Abstract Background Cluster of differentiation 40 ligand (CD40L) and rosuvastatin (RSV) affect atherosclerotic plaque stability, but little is known about their roles in extracellular matrix (ECM) production. We investigated the effects of CD40L and RSV on pre-existing advanced plaques. Methods and results Pre-existing advanced plaques were induced in apolipoprotein E-knockout (ApoE −/− ) mice by the surgical placement of carotid constrictive silastic collars. Two weeks after surgery, mice were divided into the following treatment groups: control, empty adenovirus, CD40L adenovirus, CD40L adenovirus + RSV, and RSV. Mice received adenovirus via two tail-vein injections (2 × 10 9 pfu each) and/or RSV via intragastric administration (5 mg/kg; daily for 4 weeks).

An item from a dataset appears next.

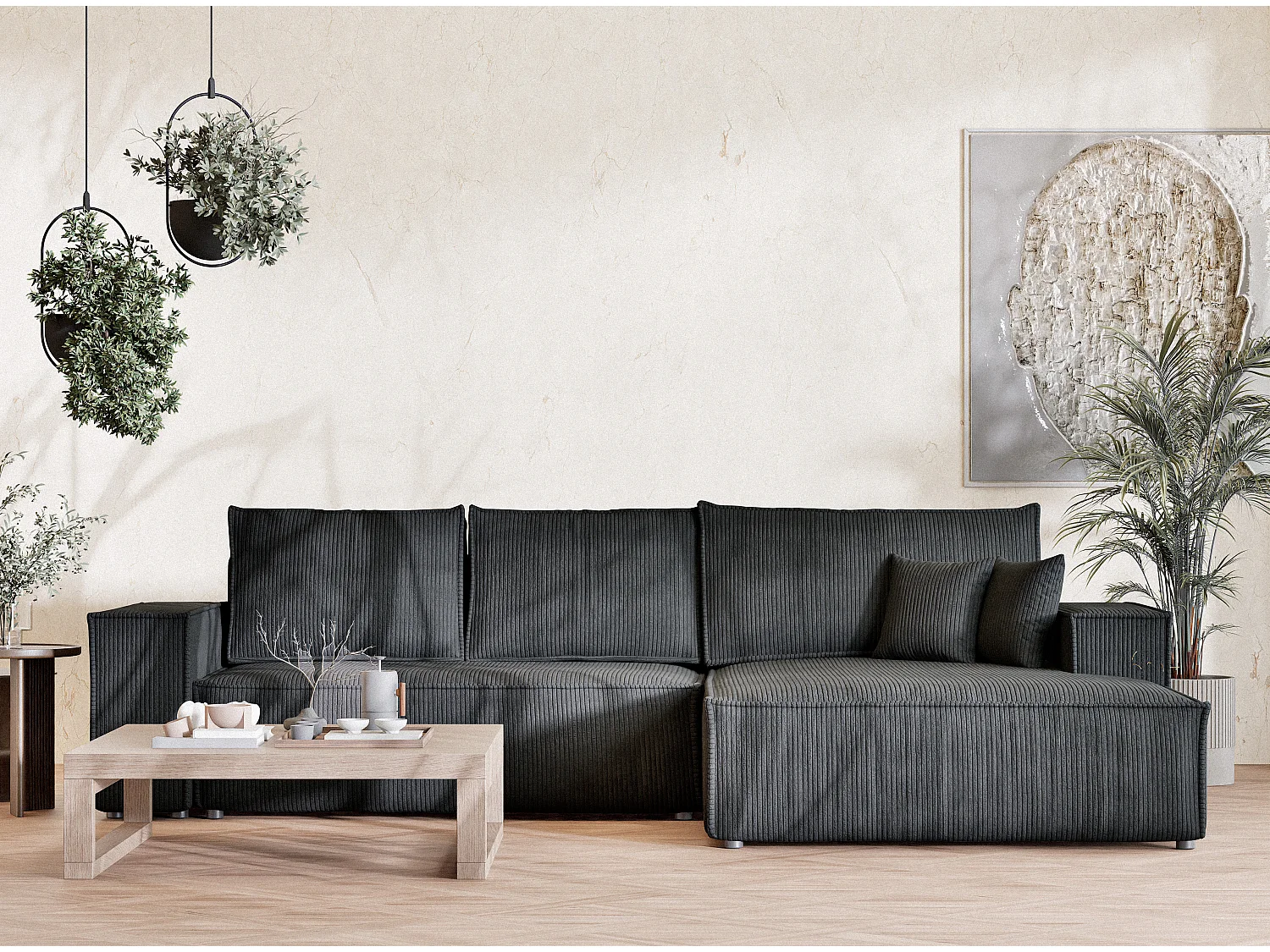 Canapé d'angle convertible Maze im tissu tresse - 5 places - anthracite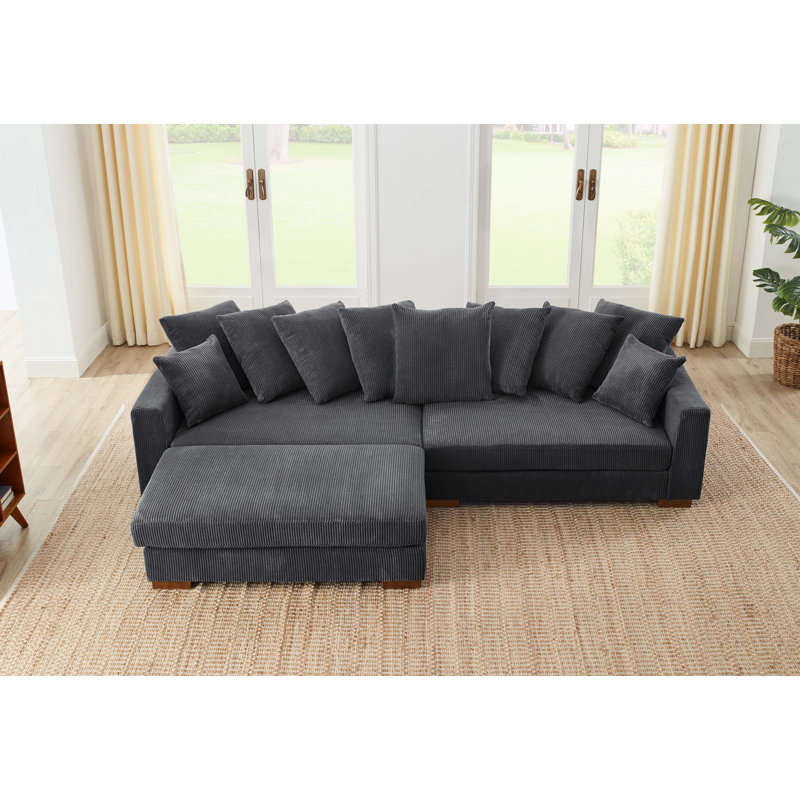 Nalewicki 3 - Piece Corduroy Sofa & Chaise, Midnight Gray Corduroy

Mice in the CD40L adenovirus group exhibited increased plaque disruption rates, increased relative plaque macrophage and lipid content, reduced plaque collagen content, and increased local inflammation compared to the other treatment groups, but no significant differences in plaque area were observed among the groups. Notably, in the atherosclerotic plaques of the CD40L adenovirus group, both the mRNA and protein expression of prolyl-4-hydroxylase alpha 1 (P4Hα1) was significantly decreased, leading to a consequent decrease in the protein expression of collagen types I and III. Treatment with RSV decreased the serum levels of CD40L in a lipid-independent fashion and attenuated the effects of CD40L overexpression, particularly with respect to P4Hα1 downregulation. Conclusions CD40L destabilized advanced plaques in the carotid arteries of ApoE −/− mice, in part by decreasing P4Hα1 expression, and consequently collagen expression. These destabilizing effects were attenuated by RSV.